Sometimes getting around isn’t that easy. An injury, joint pain, or trouble with balance can all limit the motivation to get up and live your life. When your mobility is limited, you can’t move around your home or neighborhood, and it becomes increasingly challenging to stay engaged with the people and things that make life worth living. And because of pride, many avoid using devices that can improve their quality of life by providing the support they need to get around.
If you’re having mobility trouble, you’ve got options. These devices can help you stay active, enjoy your life, and battle against the effects of aging.
Walking poles are great for people who could use a little bit of stability or better posture. They are essentially ski poles for the street and most commonly used by people trekking through the woods. However, they have are practical to use. They are a good option for people looking to take a little bit of weight off their knees and hips.
A walking stick is another tool that can aid with mobility. Like walking poles, sticks don’t provide a lot of support, but they can help navigate terrain and encourage firm footing. A walking stick may service people with neuropathy or sensory problems in the feet.
Canes can also be helpful in several ways for people with varying levels of mobility problems. Standard U-shaped canes can help with balance but cannot bear much weight. Offset canes have a flat handle and bend outwards, shifting weight from the wrist to forearm if grip strength is an issue. These canes can bear more weight than a standard cane. Tripod canes are also available and are useful for people who have experienced an injury or cannot bear weight on a leg. These canes can typically stand on their own.

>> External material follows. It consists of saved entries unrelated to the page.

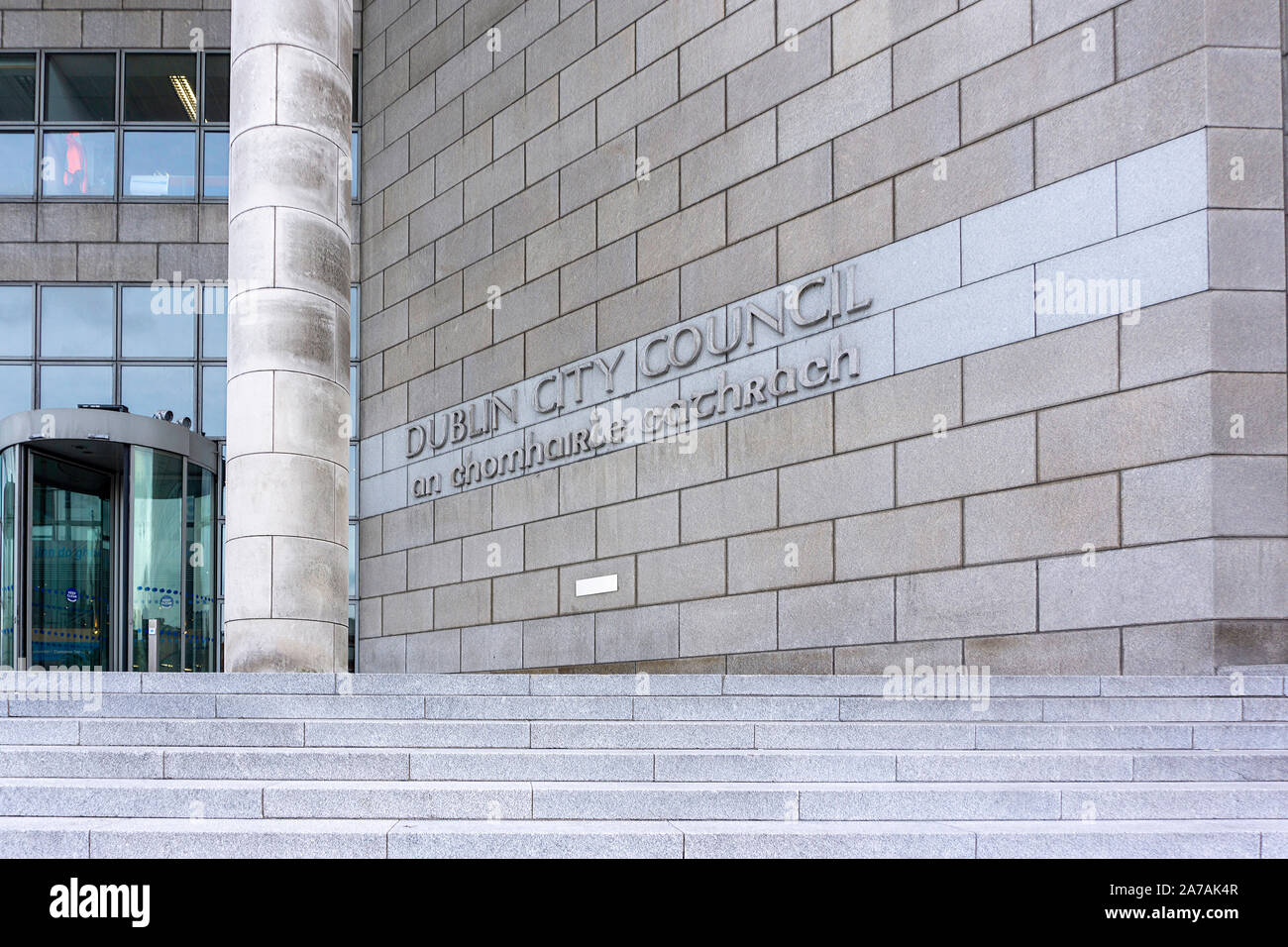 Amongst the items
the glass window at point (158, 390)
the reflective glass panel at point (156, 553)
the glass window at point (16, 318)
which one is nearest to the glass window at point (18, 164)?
the glass window at point (16, 318)

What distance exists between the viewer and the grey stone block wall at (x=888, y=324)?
31.1 feet

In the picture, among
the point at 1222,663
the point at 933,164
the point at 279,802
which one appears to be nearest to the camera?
the point at 279,802

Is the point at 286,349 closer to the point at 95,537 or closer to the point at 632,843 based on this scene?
the point at 95,537

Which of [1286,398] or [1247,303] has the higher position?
[1247,303]

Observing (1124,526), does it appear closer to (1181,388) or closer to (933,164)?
(1181,388)

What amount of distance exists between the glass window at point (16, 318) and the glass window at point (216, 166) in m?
3.20

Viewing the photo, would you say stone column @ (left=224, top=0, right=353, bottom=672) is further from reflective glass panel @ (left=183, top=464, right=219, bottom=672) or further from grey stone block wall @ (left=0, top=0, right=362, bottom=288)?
grey stone block wall @ (left=0, top=0, right=362, bottom=288)

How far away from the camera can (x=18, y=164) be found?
20547 millimetres

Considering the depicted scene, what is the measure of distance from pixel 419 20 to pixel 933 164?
986cm

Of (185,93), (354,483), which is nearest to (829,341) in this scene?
(354,483)

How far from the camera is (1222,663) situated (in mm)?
9008

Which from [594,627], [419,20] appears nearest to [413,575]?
[594,627] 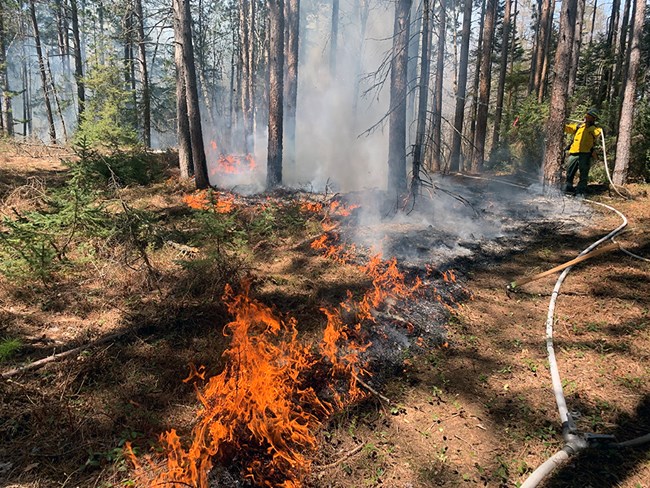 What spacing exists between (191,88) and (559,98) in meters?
10.8

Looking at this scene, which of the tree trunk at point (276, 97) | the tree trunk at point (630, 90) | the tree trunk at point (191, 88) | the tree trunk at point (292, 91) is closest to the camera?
the tree trunk at point (191, 88)

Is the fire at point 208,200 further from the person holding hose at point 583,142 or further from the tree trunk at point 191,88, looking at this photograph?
the person holding hose at point 583,142

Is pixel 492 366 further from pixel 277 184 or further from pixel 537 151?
pixel 537 151

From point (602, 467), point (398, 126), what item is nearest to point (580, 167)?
point (398, 126)

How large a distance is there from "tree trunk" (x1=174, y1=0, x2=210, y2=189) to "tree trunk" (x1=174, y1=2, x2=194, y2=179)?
21 cm

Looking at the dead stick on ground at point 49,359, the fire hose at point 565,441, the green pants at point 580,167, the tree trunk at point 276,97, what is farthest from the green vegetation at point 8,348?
the green pants at point 580,167

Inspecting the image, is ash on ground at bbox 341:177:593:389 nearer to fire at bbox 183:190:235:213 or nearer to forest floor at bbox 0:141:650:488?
forest floor at bbox 0:141:650:488

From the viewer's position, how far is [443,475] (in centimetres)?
334

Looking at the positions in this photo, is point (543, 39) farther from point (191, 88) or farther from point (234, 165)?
point (191, 88)

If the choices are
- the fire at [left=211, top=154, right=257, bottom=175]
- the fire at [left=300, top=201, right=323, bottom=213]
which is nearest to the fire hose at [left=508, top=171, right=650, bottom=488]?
the fire at [left=300, top=201, right=323, bottom=213]

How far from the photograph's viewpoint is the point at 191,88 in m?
10.7

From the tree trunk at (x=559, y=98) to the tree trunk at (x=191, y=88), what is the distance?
1043cm

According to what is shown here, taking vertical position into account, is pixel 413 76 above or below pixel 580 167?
above

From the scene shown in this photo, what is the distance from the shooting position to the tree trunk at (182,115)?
10.7 m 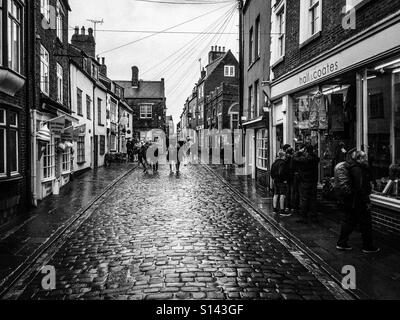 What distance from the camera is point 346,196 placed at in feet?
23.6

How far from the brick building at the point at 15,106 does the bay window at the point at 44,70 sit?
6.90 feet

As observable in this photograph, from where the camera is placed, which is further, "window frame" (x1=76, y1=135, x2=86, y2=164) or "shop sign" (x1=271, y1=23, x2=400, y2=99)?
"window frame" (x1=76, y1=135, x2=86, y2=164)

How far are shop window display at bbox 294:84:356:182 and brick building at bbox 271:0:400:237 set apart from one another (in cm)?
2

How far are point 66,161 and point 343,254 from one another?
14.2 meters

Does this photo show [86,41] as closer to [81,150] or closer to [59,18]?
[81,150]

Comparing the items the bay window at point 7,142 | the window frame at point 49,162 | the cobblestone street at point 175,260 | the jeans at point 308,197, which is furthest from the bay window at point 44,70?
the jeans at point 308,197

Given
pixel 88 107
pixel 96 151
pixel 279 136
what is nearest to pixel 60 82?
pixel 88 107

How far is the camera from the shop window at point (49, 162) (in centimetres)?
1433

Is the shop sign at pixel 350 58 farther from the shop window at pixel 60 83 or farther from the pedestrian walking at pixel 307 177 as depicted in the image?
the shop window at pixel 60 83

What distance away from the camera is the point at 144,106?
2489 inches

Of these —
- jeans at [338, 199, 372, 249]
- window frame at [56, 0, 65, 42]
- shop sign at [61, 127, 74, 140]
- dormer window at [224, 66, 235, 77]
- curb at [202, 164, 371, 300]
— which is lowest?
curb at [202, 164, 371, 300]

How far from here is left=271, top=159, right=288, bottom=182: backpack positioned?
10656 mm

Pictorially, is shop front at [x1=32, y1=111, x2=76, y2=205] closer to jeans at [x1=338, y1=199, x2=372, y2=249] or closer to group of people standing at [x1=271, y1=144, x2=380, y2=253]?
group of people standing at [x1=271, y1=144, x2=380, y2=253]

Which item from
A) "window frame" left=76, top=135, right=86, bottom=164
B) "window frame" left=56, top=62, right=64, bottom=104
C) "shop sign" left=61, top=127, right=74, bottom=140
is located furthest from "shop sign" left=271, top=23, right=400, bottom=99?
"window frame" left=76, top=135, right=86, bottom=164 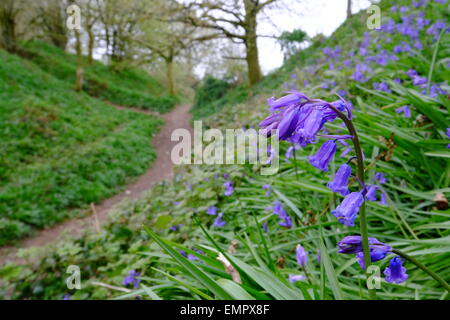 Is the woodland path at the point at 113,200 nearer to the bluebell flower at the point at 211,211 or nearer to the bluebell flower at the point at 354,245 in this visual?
the bluebell flower at the point at 211,211

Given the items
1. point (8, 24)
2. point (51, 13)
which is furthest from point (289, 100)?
point (51, 13)

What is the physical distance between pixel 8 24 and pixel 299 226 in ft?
57.6

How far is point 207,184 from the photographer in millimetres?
2998

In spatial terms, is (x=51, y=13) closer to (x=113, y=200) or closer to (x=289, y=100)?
(x=113, y=200)

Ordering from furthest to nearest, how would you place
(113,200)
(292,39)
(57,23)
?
(57,23) → (292,39) → (113,200)

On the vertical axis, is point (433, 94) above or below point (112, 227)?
above

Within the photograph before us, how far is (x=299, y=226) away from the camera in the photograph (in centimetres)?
181

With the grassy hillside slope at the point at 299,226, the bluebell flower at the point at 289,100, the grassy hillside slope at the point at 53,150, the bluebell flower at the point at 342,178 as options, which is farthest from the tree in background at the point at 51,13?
the bluebell flower at the point at 342,178

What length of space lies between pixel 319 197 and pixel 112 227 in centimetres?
253

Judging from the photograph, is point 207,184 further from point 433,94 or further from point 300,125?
point 300,125

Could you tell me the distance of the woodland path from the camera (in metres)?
4.76

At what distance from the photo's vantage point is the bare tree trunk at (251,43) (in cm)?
1230

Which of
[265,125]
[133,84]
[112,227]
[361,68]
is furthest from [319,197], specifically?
[133,84]

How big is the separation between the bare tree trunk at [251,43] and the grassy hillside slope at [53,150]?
5.33 meters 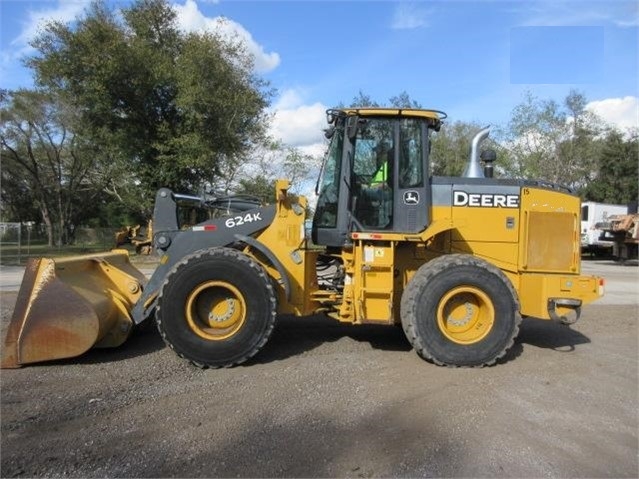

Walkers are the most complex and supportive mobility device. They take some getting used to as they will impact the way you walk; however, they can bear all of your weight and offer plenty of support. Some are even equipped with a chair to provide some accessible rest if needed.
All of these options can address a multitude of mobility issues and restore a higher quality of life. Some may take fitting or adjusting, perhaps even a lesson, but after a brief learning curve, you can get back out and lead the life you want to lead.